[Data extracted from a collection]
-.-.-
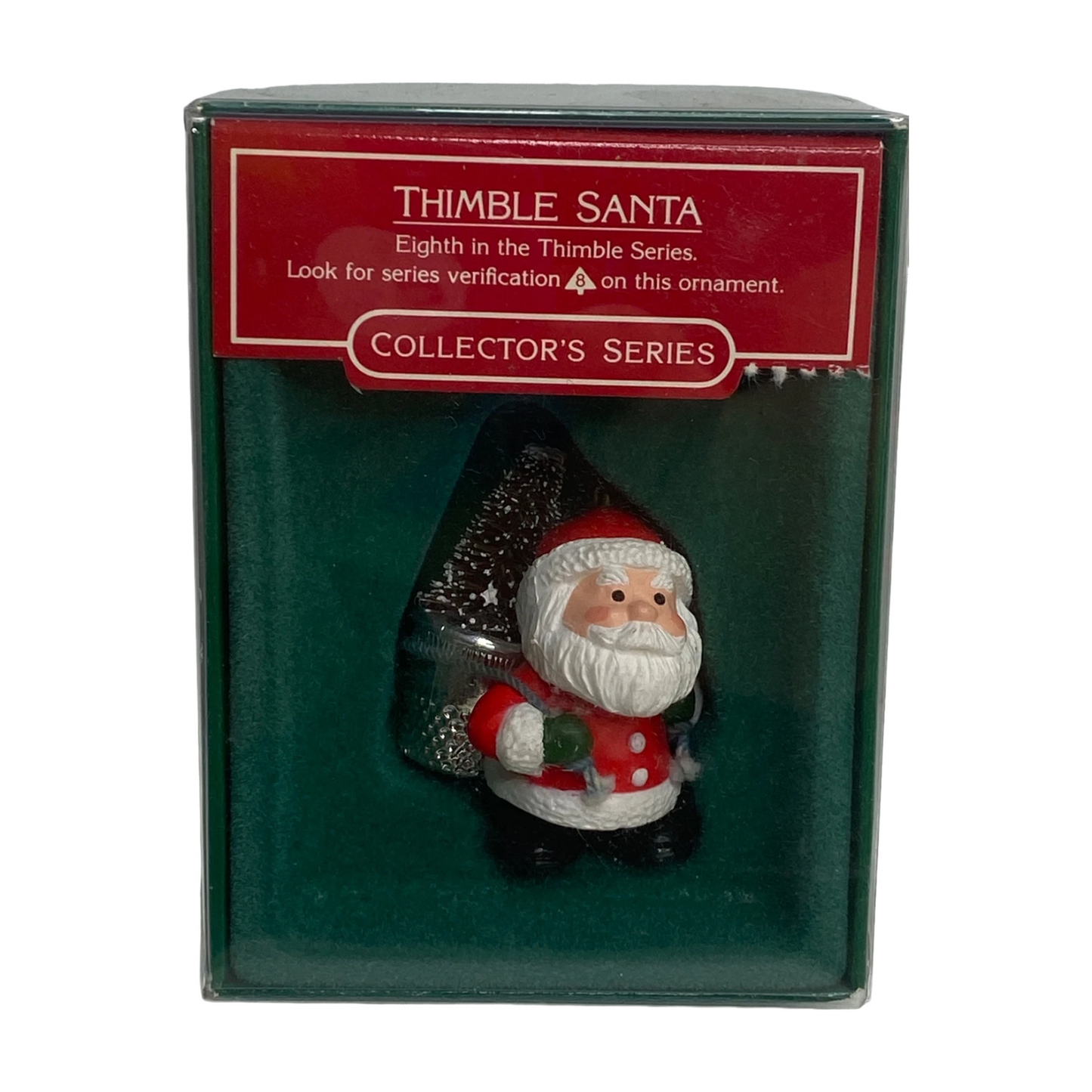 1985 Thimble Santa (Thimble)
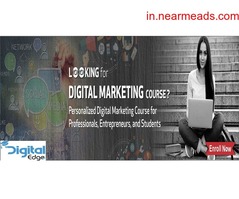 Digital Marketing Course in Delhi Digital Edge – Join Digital Marketing Course in Delhi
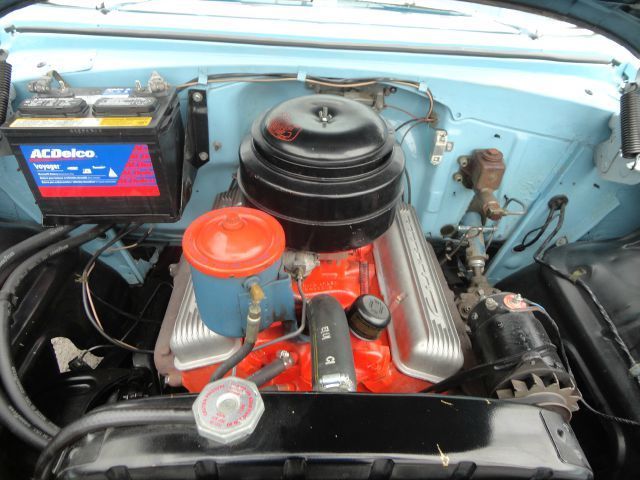 1955 Chevrolet Bel Air/150/210 - photo 4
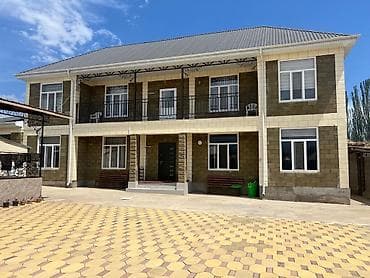 Кыймылсыз мүлк: Ысык-Көлдө конок үйү, АСМАН, Кара-Ой (Долинка), 7 орун, Күнүмдүк — 1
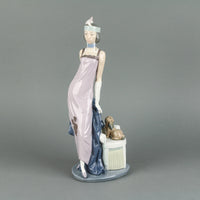 LLADRO Couplet Lady 5174 Figurine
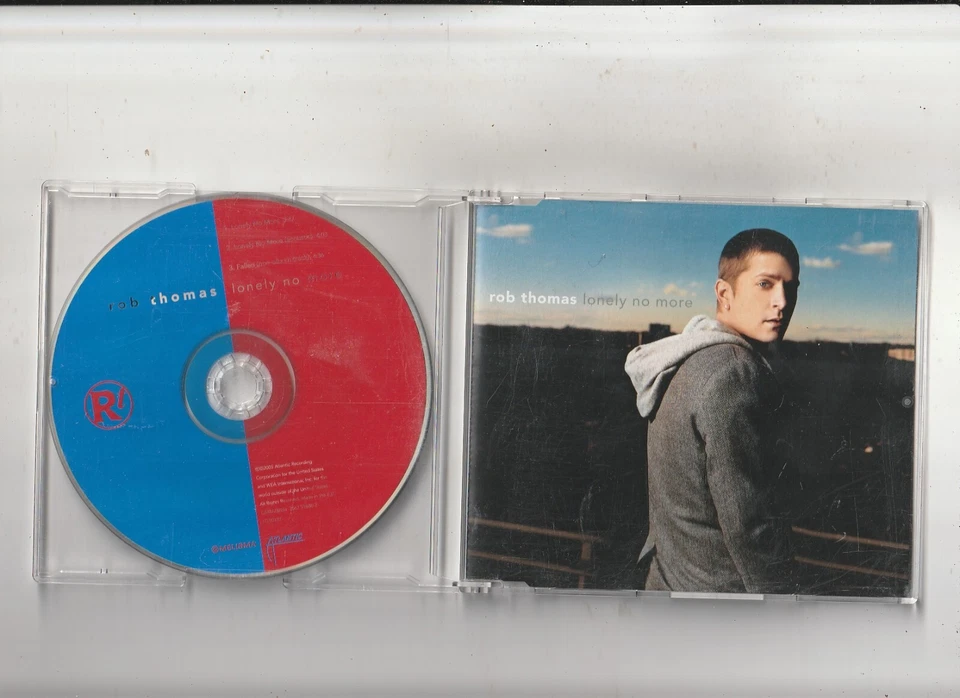 Rob Thomas Lonely no more (2005)  [Maxi-CD] - Bild 1 von 1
-.-.-
▶ **HOW TO COMPLETE THIS TASK**
Copy all records exactly; omit images.

▶ **YOUR RESPONSE**
 1985 Thimble Santa (Thimble)
 Digital Marketing Course in Delhi Digital Edge – Join Digital Marketing Course in Delhi
 1955 Chevrolet Bel Air/150/210 - photo 4
 Кыймылсыз мүлк: Ысык-Көлдө конок үйү, АСМАН, Кара-Ой (Долинка), 7 орун, Күнүмдүк — 1
 LLADRO Couplet Lady 5174 Figurine
 Rob Thomas Lonely no more (2005)  [Maxi-CD] - Bild 1 von 1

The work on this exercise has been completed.